== Segment start ==

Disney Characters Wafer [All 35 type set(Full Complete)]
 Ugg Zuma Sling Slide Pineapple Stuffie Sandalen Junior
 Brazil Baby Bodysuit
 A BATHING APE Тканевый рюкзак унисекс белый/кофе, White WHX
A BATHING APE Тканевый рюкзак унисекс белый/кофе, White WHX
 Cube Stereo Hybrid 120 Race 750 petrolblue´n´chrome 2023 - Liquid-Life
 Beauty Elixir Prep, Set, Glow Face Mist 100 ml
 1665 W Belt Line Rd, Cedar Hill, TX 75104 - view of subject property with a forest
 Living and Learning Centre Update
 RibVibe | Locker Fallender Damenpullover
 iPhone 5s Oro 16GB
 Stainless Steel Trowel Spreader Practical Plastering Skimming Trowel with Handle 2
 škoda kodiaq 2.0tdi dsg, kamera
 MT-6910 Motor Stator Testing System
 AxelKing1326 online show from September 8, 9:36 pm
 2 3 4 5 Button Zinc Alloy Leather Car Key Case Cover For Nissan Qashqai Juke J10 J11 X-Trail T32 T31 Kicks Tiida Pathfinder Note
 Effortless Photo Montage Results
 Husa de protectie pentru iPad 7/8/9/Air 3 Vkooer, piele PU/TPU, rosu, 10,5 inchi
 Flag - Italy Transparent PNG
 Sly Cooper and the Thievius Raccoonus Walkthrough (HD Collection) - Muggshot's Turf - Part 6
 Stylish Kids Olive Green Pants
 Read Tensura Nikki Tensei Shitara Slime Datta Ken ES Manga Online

== Segment end ==

▶ _WORK TASK_:
Once you have counted every line in the listing that holds the string "кофе", give that number and nothing else.

▶ _TASK RESULT_:
2